**DATA PROVIDED**

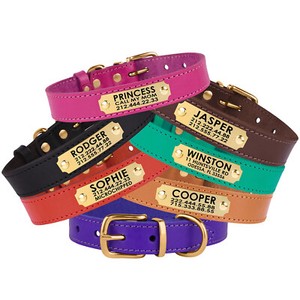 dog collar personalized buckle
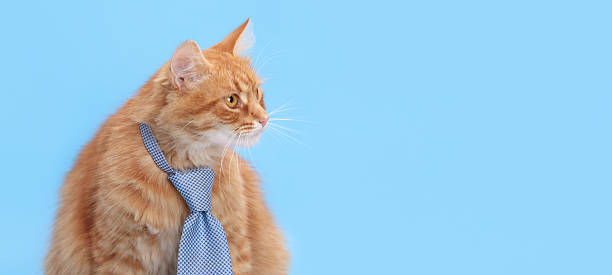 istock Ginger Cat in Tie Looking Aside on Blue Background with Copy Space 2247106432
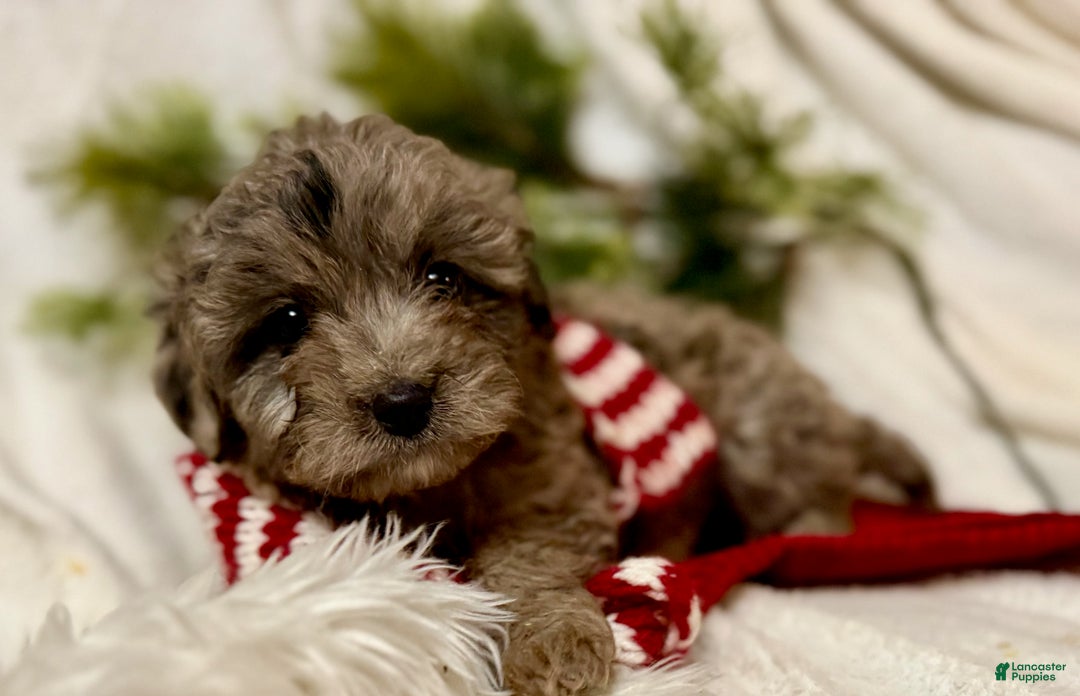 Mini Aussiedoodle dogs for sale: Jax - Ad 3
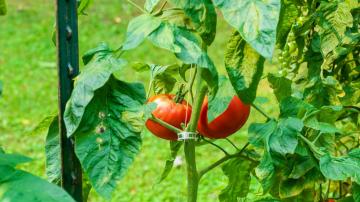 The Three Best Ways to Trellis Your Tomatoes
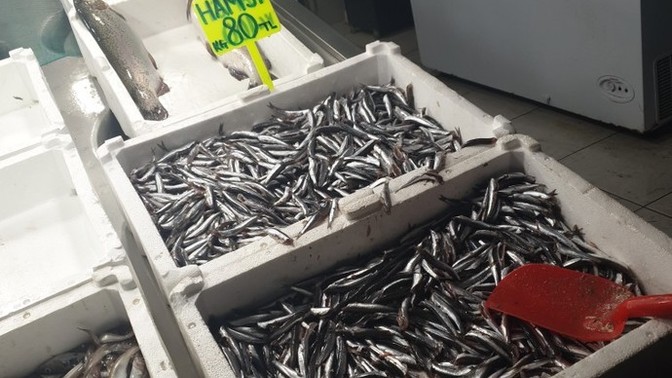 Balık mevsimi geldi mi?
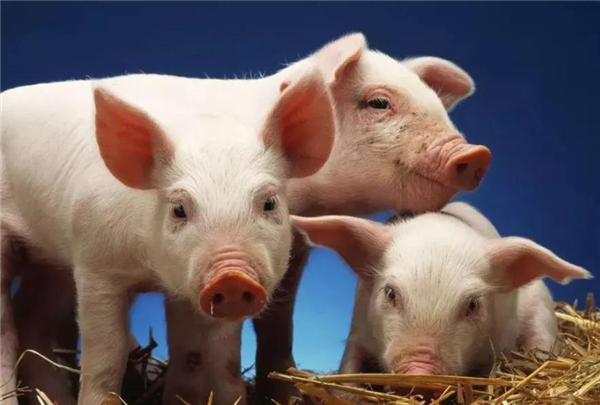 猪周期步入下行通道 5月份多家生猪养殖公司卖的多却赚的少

**EXERCISE INSTRUCTIONS**
Output every record exactly, minus the pictures.

**TASK SOLUTION**
 dog collar personalized buckle
 istock Ginger Cat in Tie Looking Aside on Blue Background with Copy Space 2247106432
 Mini Aussiedoodle dogs for sale: Jax - Ad 3
 The Three Best Ways to Trellis Your Tomatoes
 Balık mevsimi geldi mi?
 猪周期步入下行通道 5月份多家生猪养殖公司卖的多却赚的少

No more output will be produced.